Concernant la réserve civile, le SNEPAP-FSU a tenté de faire préciser qu’ « en aucun cas les réservistes
ne peuvent exercer les missions des personnels qui occupent des emplois statutaires ». Par son refus de
faire droit à cette demande de rajout, l’administration fait bien la preuve que ce dispositif a pour objet de
pallier dans certains domaines des recrutements défaillants !

APPLICATION DES PEINES

Concernant la procédure simplifiée d’aménagement de peine (anciennement NPAP), le SNEPAP-FSU
a lourdement insisté pour alléger au maximum toute la procédure dans laquelle le SPIP est maître
d’oeuvre, et pour donner aux services les moyens adéquats. Ces conditions sont essentielles pour que
l’usine à gaz qu’a été la NPAP ne se répète pas : cette procédure s’est en effet révélée bien trop lourde
pour un résultat souvent insignifiant. La DAP en a convenu, ainsi que de la nécessité de passer de
nouvelles conventions nationales relatives au partenariat.

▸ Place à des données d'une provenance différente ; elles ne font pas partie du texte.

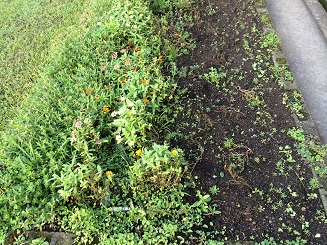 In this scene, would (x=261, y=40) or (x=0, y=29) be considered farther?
(x=0, y=29)

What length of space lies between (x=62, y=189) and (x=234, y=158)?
1.98 meters

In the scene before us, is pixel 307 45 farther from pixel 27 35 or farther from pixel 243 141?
pixel 27 35

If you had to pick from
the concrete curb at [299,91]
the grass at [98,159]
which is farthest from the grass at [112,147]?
the concrete curb at [299,91]

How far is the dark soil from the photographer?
123 inches

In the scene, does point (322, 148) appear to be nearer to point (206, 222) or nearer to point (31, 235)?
point (206, 222)

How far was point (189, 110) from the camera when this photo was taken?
4.11 m

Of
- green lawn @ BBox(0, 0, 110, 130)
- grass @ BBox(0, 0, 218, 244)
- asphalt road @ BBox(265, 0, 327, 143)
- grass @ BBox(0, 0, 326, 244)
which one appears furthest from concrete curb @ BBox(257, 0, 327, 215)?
green lawn @ BBox(0, 0, 110, 130)

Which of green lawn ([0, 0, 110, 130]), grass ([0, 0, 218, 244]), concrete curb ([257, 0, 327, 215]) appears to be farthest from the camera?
green lawn ([0, 0, 110, 130])

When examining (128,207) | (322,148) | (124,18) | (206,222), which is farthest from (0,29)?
(322,148)

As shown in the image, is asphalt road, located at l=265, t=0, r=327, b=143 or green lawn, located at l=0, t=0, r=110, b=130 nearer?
asphalt road, located at l=265, t=0, r=327, b=143

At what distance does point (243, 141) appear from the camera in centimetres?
380

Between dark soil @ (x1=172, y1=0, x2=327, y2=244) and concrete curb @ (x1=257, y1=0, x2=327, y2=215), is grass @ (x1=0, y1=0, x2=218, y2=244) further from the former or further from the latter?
concrete curb @ (x1=257, y1=0, x2=327, y2=215)

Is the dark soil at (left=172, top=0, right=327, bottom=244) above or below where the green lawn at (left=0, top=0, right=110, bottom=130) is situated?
below

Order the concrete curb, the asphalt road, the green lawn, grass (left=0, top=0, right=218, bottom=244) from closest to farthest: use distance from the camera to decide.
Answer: grass (left=0, top=0, right=218, bottom=244) < the concrete curb < the asphalt road < the green lawn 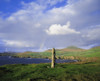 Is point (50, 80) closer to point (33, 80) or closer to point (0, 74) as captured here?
point (33, 80)

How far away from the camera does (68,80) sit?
1995cm

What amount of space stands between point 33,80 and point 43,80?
187cm

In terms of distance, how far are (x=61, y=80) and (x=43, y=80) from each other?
3.40 m

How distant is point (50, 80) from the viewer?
19.8 meters

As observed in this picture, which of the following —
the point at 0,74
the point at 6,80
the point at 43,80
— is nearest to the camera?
the point at 43,80

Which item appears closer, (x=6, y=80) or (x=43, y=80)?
(x=43, y=80)

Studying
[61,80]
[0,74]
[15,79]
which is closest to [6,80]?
[15,79]

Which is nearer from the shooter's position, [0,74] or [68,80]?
[68,80]

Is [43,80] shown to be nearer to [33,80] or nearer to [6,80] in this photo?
[33,80]

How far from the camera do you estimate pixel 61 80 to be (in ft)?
66.0

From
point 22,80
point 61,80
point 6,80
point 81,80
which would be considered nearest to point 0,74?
point 6,80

Sur cette nouvelle procédure, le travail à venir
sur les circulaires sera donc pour le SNEPAP-FSU un moment crucial.

Mais la disposition à nos yeux la plus contestable concerne la procédure prévue pour la mise en place du
PSE systématique fin de peine
. Si le projet de décret n’est pas encore finalisé par la DACG, le « schéma
directeur » a été présenté lors de ce CTP-SE. Selon ce « schéma », « le DSPIP ne transmet [au Parquet]
que les dossiers pour lesquels il considère que la mesure doit se mettre en place ». Pour le SNEPAPFSU,
la loi pose bien un principe inverse, puisque la fin de peine s’exécute automatiquement sous la
modalité du PSE, sauf exceptions listées limitativement. Le DSPIP ne devrait donc transmettre au Parquet
que les dossiers pour lesquels il considère que la personne relève des exceptions et ne doit donc pas
exécuter sa peine sous la modalité du PSE. Dans le cas contraire, cette procédure risque de se rapprocher
davantage de la « procédure simplifiée d’aménagement de peine » mise en oeuvre sur proposition du
SPIP. Or l’aspect novateur de cette disposition légale est d’introduire pour la première fois dans notre
droit une nouvelle modalité d’exécution des fins de peine, différente dans sa logique de l’aménagement
des peines. Pour le SNEPAP-FSU, en plus d’être contraire à la lettre et surtout à l’esprit de la loi, ce
système risque d’alourdir considérablement le travail des SPIP déjà amplement mis à contribution par les
dispositions de cette loi !

Enfin, alors que cette partie n’avait pas été présentée aux organisations syndicales en réunion de travail,
un certain nombre d’articles du projet de décret modifient les dispositions relatives aux permissions de
sortir
. Si l’ensemble de ces dispositions est plutôt positif puisqu’il s’agit d’étendre le régime CD à
l’ensemble des condamnés, une nouvelle disposition extrêmement contestable est introduite. En effet,
selon l’article R. 57-5-9, « lorsque la dangerosité particulière de la personne condamnée le justifie, le
juge de l’application des peine peut, par ordonnance motivée, n’accorder de permission de sortir
qu’après exécution de la moitié de la peine » ! Cette disposition qui n’est pas prévue par la loi, en plus
d’être inacceptable, est totalement inutile : en effet, le juge de l’application des peine reste fondé à refuser
une permission de sortir quelque soit le reliquat de peine !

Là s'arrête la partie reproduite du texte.